Anyone know if they make a version of Rosetta Stone for Truth In Sale of Housing Reports?
Because one of the most commonly overlooked and misunderstood documents by first time duplex buyers and sellers is the pre-sale inspection report.
These reports were originated by municipalities as a way to make sure the city’s housing met a certain set of minimum health and safety standards.
Prior to putting a property on the market, sellers in 14 metro cities are required to have an independent inspector come evaluate the single family home, condo, townhouse or duplex and determine the properties overall condition and level of code compliance.
The inspector will then rate each item in accordance with city guidelines.

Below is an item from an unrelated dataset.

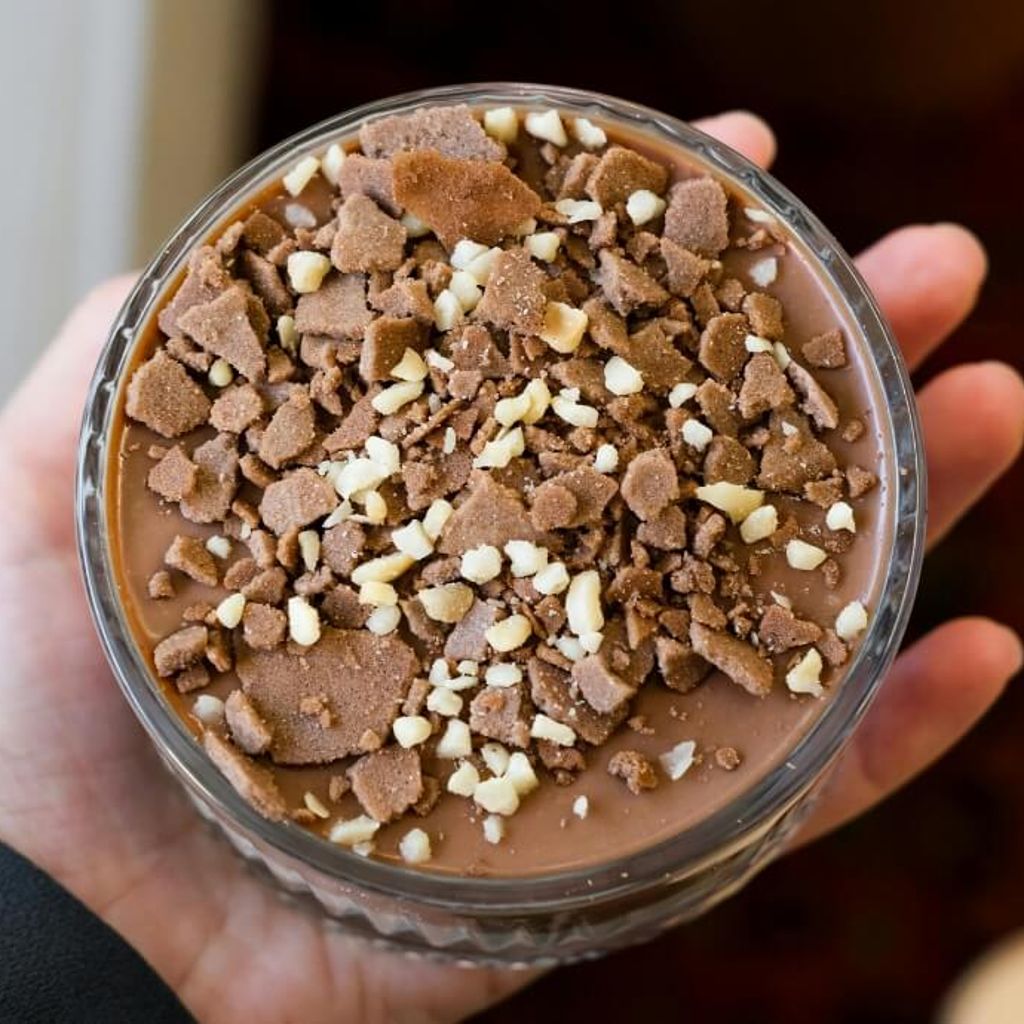A generous serving of the smoked sea salt and caramel chocolate pots topped with hobnob crumbs and chocolate shavings.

In Minneapolis, the items both the seller and a potential buyer should be concerned about are those described as “Required Repairs”. While this sounds ominous, the “to do’s” on this list can be as simple and inexpensive as putting a backflow preventer (a brass attachment available at any hardware store for just a few dollars) on a laundry tub faucet to repairing or replacing plumbing.
These “RRs” may be repaired by the seller prior to the property going on the MLS, thereby earning her a new and clean Truth In Sale of Housing report or, as is the case in many foreclosures or estates, the seller may ask the buyer to assume the responsibility for making these repairs within 30 days of closing.
Other noteworthy items include those that earn a note of being Below Minimum Requirements. Generally speaking, these “B” items are not as hazardous as the “RRs” and as such, do not have to be corrected. The list may include things like electrical service panes that haven’t been indexed, or a broken window sash.
The Bs also often include items like low ceiling height; items that were code when the building was constructed 100 years ago, but do not meet today’s building code. It would be ridiculous for all of the Twin Cities historic properties to have to be retrofitted to comply with today’s building code, so the inspection is simply a way of pointing out things have changed.
Buyers should be aware that while a city inspection gives a snapshot view of a property’s condition, it is a report that was paid for by the seller; one which may not have been as thorough as a buyer’s inspection. As a result, it’s wise not to use it as a substitution for an inspection or deemed “good enough”.